Commands That Control Output

The following commands control er_print display output.

outfile {filename|-|--}

Close any open output file, then open filename for subsequent output. When opening filename, clear any pre-existing content. If you specify a dash (-) instead of filename, output is written to standard output. If you specify two dashes (--) instead of filename, output is written to standard error.

appendfile filename

Close any open output file and open filename, preserving any pre-existing content, so that subsequent output is appended to the end of the file. If filename does not exist, the functionality of the appendfile command is the same as for the outfile command.

limit n

Limit any output to the first n entries of the report, where n is an unsigned integer. If n is zero, remove any limit. If n is omitted, print the current limit.

name { long | short } [ :{ shared-object-name | no-shared-object-name } ]

Specify whether to use the long or the short form of function names (C++ and Java only). If shared-object-name is specified, append the shared-object name to the function name.

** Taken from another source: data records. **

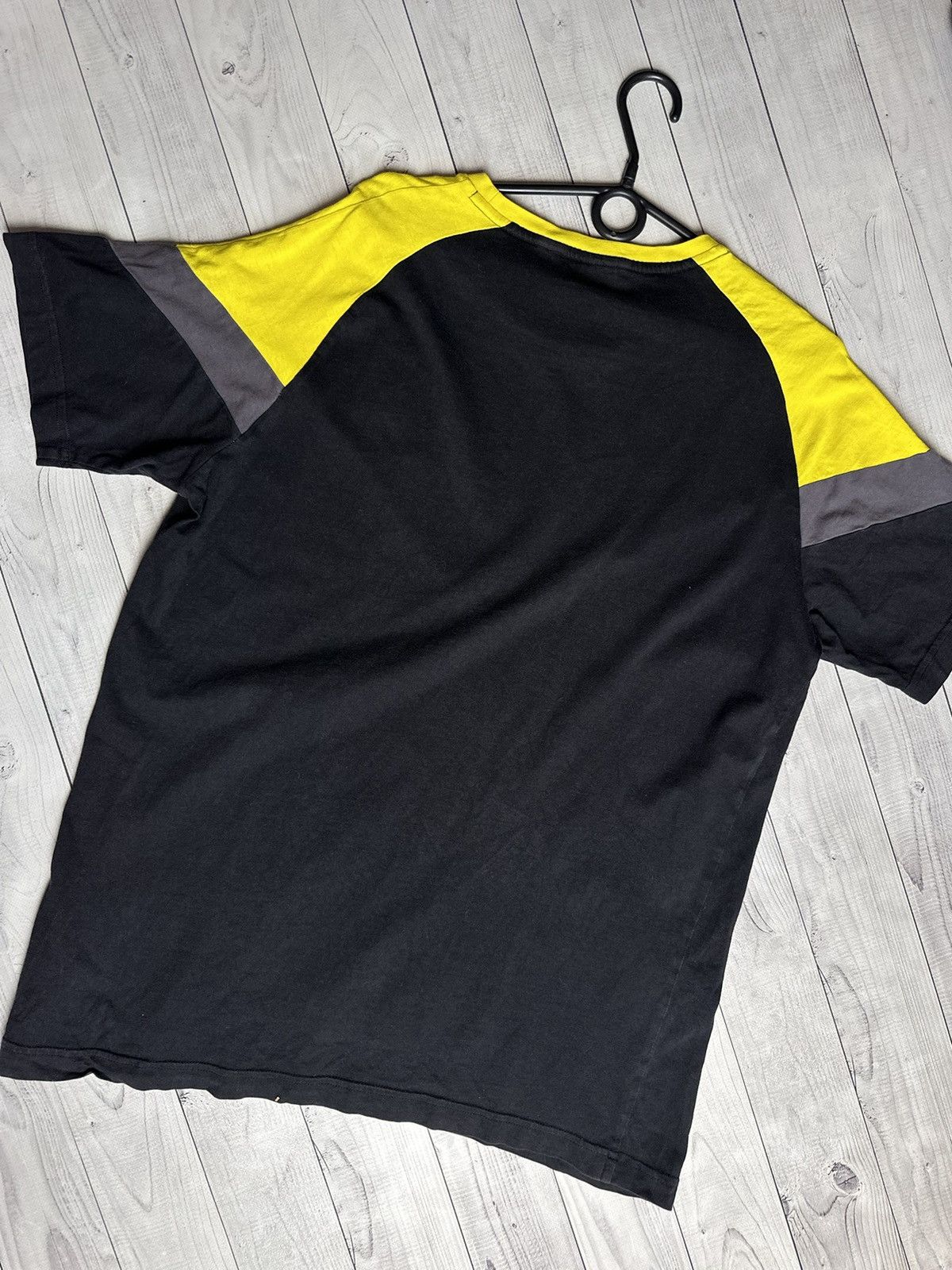 Puma Vintage puma Borussia Dortmund soccer tee logo Size US L / EU 52-54 / 3 - 5 Thumbnail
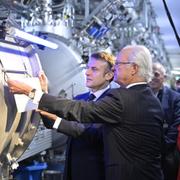  Frankrikes president Emmanuel Macron och kung Carl XVI Gustaf besöker acceleratortunneln med generaldirektör Helmut Schober på European Spallation Source (ESS) i Lund på onsdagen. 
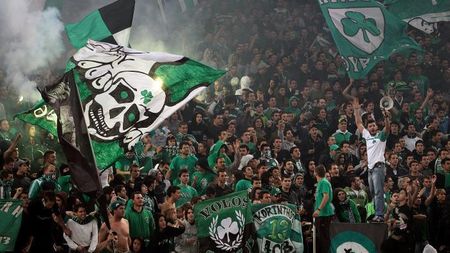 Încă o "lovitură" pentru fotbalul elen: cea mai titrată echipă din Grecia, exclusă din cupele europene. Motivul deciziei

viewmode { user| expert | machine }

Set the mode to one of the following:

user

For Java experiments, show the Java call stacks for Java threads, and do not show housekeeping threads. The function list includes a function <JVM-System> representing aggregated time from non-Java threads. When the JVM software does not report a Java call stack, time is reported against the function <no Java callstack recorded>.

For OpenMP experiments, show reconstructed call stacks similar to those obtained when the program is compiled without OpenMP. Add special functions, with the names of form <OMP-*>, when the OpenMP runtime is performing certain operations.

expert

For Java experiments, show the Java call stacks for Java threads when the user’s Java code is being executed, and machine call stacks when JVM code is being executed or when the JVM software does not report a Java call stack. Show the machine call stacks for housekeeping threads.

For OpenMP experiments, show compiler-generated functions representing parallelized loops, tasks, and such, which are aggregated with user functions in user mode. Add special functions, with the names of form <OMP-*>, when the OpenMP runtime is performing certain operations. Functions from the OpenMP runtime code libmtsk.so are suppressed.

machine

For Java experiments and OpenMP experiments, show the actual native call stacks for all threads.

For all experiments other than Java experiments and OpenMP experiments, all three modes show the same data.

compare { on | off | delta | ratio }

Set comparison mode off (compare off, the default), or on (compare on), or delta (compare delta) or ratio (compare ratio). If comparison mode is off, when multiple experiments are read the data is aggregated. If comparison is enabled, when multiple experiments are loaded separate columns of metrics are shown for the data from each experiment. If comparison mode is delta, the base experiment shows absolute metrics but the comparison experiment shows differences between it and the base. If comparison mode is ratio, the comparison experiment shows ratios between it and the base.

Comparison mode will treat each experiment or experiment-group as a separate compare group. The first experiment or experiment-group argument is the base group. If you want to include more than one experiment in a compare group, you must create an experiment-group file to use as a single argument to er_print.

printmode string

Set the print mode from the string. If the string is text, printing will be done in tabular form. If the string is a single character, printing will be done as a delimiter-separated list, with the single character as the delimiter. If the string is html, printing will be formatted for an HTML table. Any other string is invalid, and the command will be ignored.

The printmode setting is used only for those commands that generate tables, such as functions, memobj, indxobj. The setting is ignored for other printing commands, including source and disassembly.